• [Instructions for the task]:
The response must be the exact lines from the line holding "Bracelet Plume Argent Brillant" through the end of the entries, with no pictures and nothing else.
*** Opening Dataset extract ***
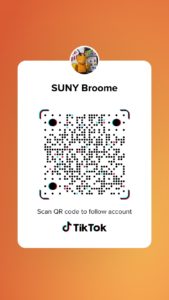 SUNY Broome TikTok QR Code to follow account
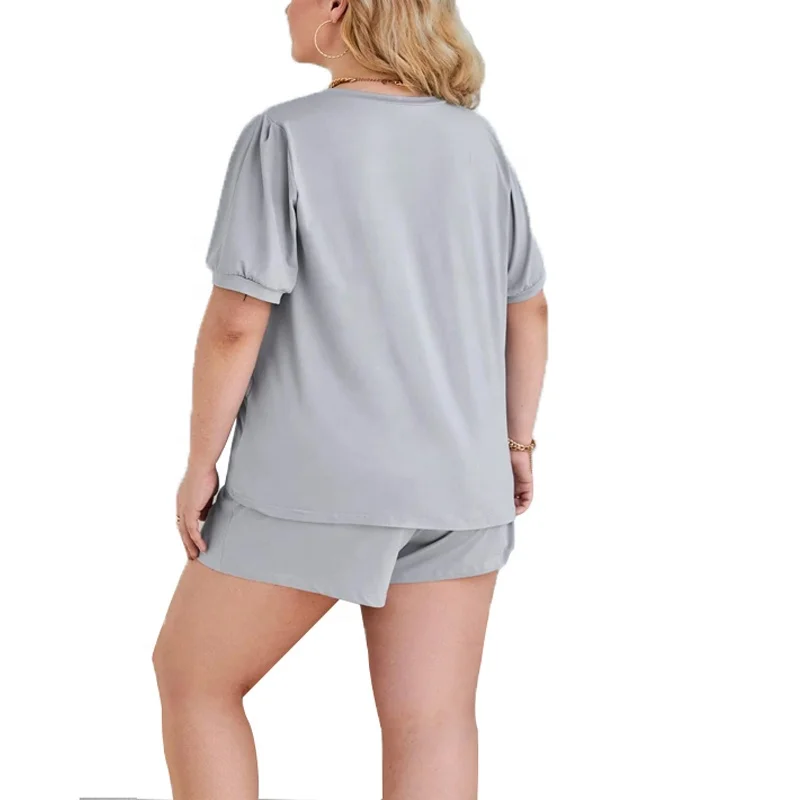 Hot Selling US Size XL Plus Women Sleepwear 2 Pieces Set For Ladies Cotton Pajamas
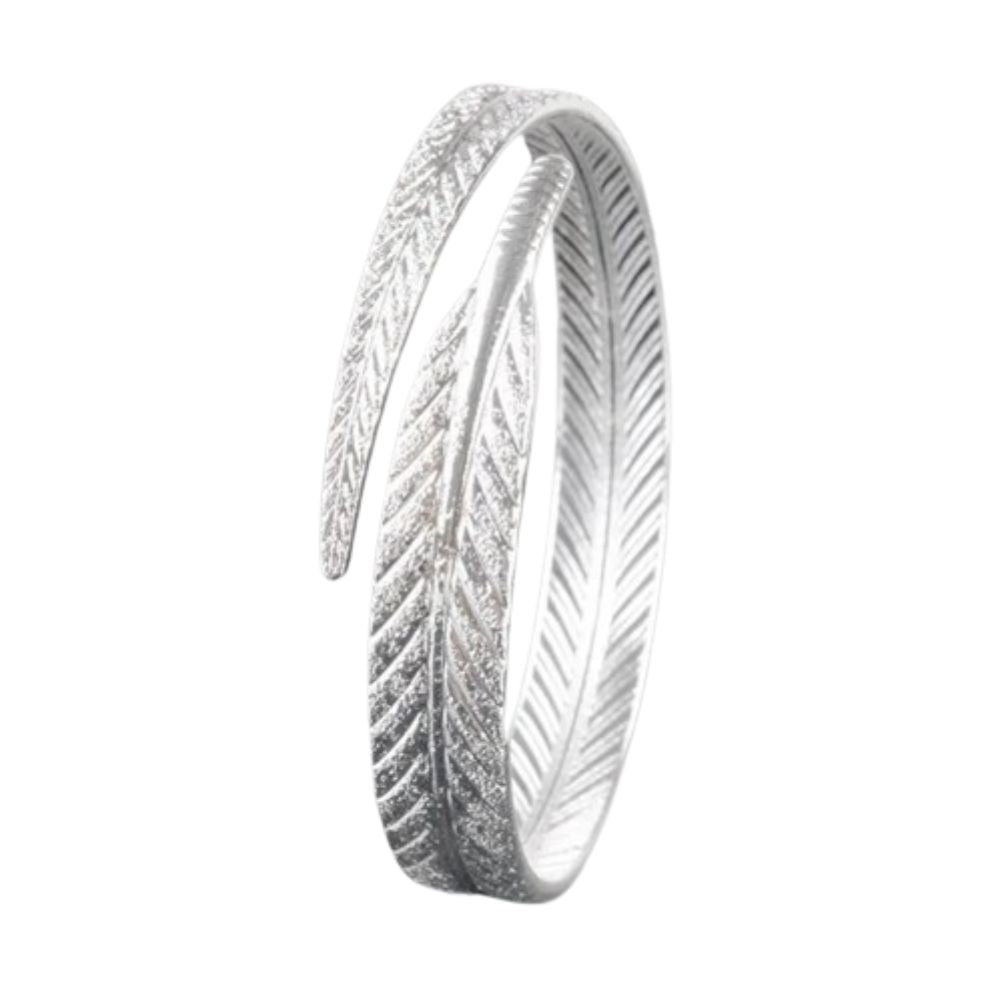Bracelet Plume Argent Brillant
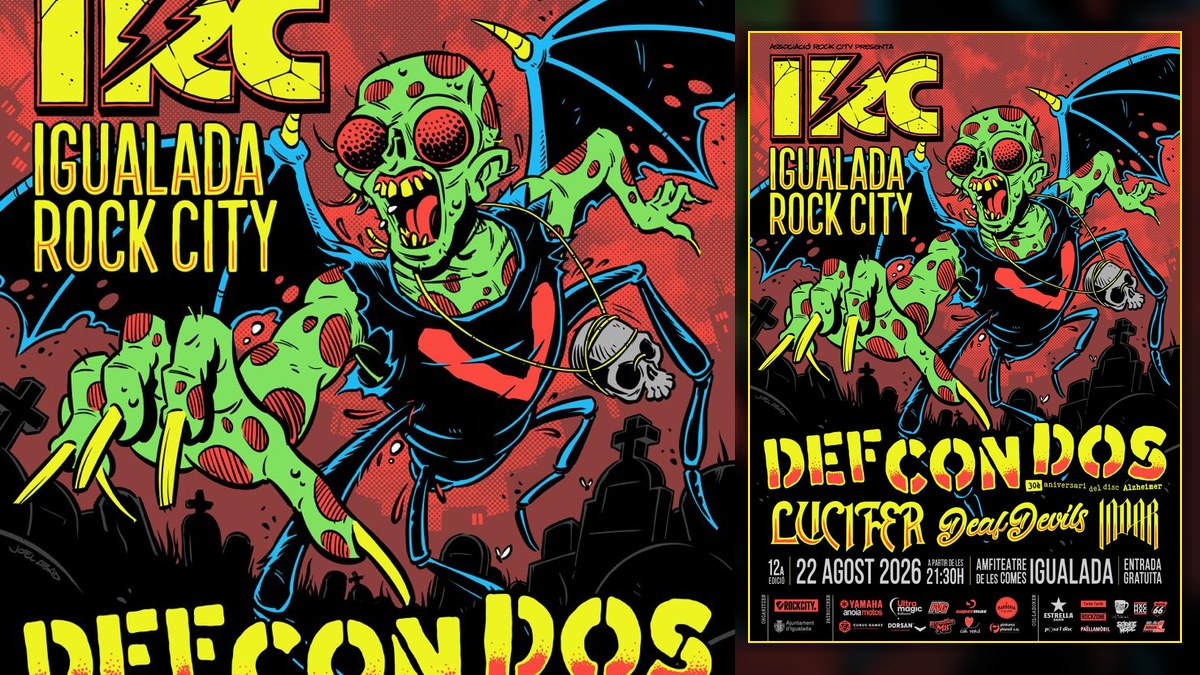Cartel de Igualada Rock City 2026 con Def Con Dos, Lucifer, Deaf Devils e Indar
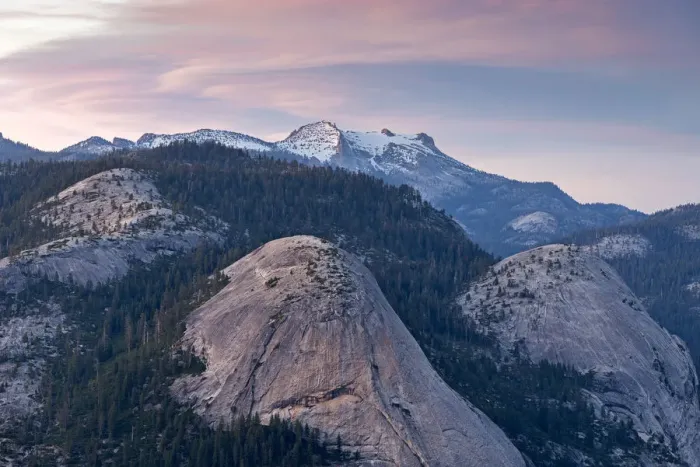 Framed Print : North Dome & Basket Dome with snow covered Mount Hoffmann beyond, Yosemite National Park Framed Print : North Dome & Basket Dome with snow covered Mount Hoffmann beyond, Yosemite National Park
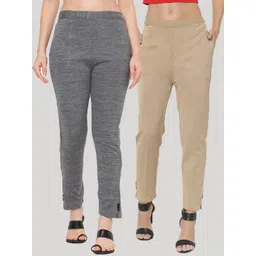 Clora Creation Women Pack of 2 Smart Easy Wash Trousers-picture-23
*** Closing Dataset extract ***
• [Solution to this exercise]:
Bracelet Plume Argent Brillant
Cartel de Igualada Rock City 2026 con Def Con Dos, Lucifer, Deaf Devils e Indar
 Framed Print : North Dome & Basket Dome with snow covered Mount Hoffmann beyond, Yosemite National Park Framed Print : North Dome & Basket Dome with snow covered Mount Hoffmann beyond, Yosemite National Park
 Clora Creation Women Pack of 2 Smart Easy Wash Trousers-picture-23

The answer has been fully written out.